Model Context Protocol (MCP): Developed by Anthropic, MCP standardizes how AI systems connect to data sources and tools, providing a universal interface for agents to access enterprise resources.15 While promising, MCP faces limitations in handling complex enterprise security requirements and integrating legacy systems.
Agent-to-Agent Protocol (A2A): Google’s protocol enables direct communication between different AI agents across platforms, handling agent discovery, task delegation, and collaborative workflow.16
Agent Communication Protocol (ACP): This is an open protocol that enables agents to communicate with each other through a RESTful API, allowing agents to collaborate regardless of the environment in which they were built.17 ACP may face hurdles due to limitations on the number of agents that can coordinate in a single network and the complexity of integrating with existing enterprise tools.18
These protocols represent the foundational layer for what experts describe as a “microservices approach to AI”: deploying numerous smaller, specialized agents across various platforms closer to where workflow instructions and data reside. This approach offers several advantages, such as reduced complexity (because smaller agents are easier to debug, test, and maintain); scalable orchestration, where multiple specialized agents can be combined for complex tasks; and platform flexibility that allows agents to run on different systems while maintaining interoperability.
FinOps for agents
As agents operate continuously, poorly configured agent interactions can trigger cascading actions like unpredictable resource consumption and ballooning costs, making cost management critical. Organizations need specialized financial operations frameworks (or FinOps) to monitor and control agent-driven expenses and account for token-based pricing models. These frameworks help track costs in detail through resource tagging, real-time monitoring, automated resource management including autoscaling and rightsizing, and strong governance frameworks to manage AI-specific expenditures.19
Five questions to drive agentic AI implementations
As organizations begin their agentic journey, they can consider five strategic questions to help drive their adoption, both now and into the future.

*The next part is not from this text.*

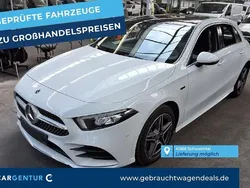 Digitalweiss Gebraucht 2021 Mercedes A250 AMG line Limousine | 22.390 € (Fairer Preis)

- What agents will be deployed, and what functions will they perform?
- What are the cost profiles relative to human employees?
- Which processes will be automated and at what level of efficiency?
- What will be the optimal mix of human and digital workforce over the next four years?
- Will agents eventually take over entire operational areas beyond the five-year horizon?
Most enterprises ready to implement AI agents today are likely to have prepared answers for the first three questions. However, things get hazier as they consider the latter two. A lot depends on how agentic technology and the underlying generative AI models develop in the future and how this development drives changes in workforce makeup and operational priorities.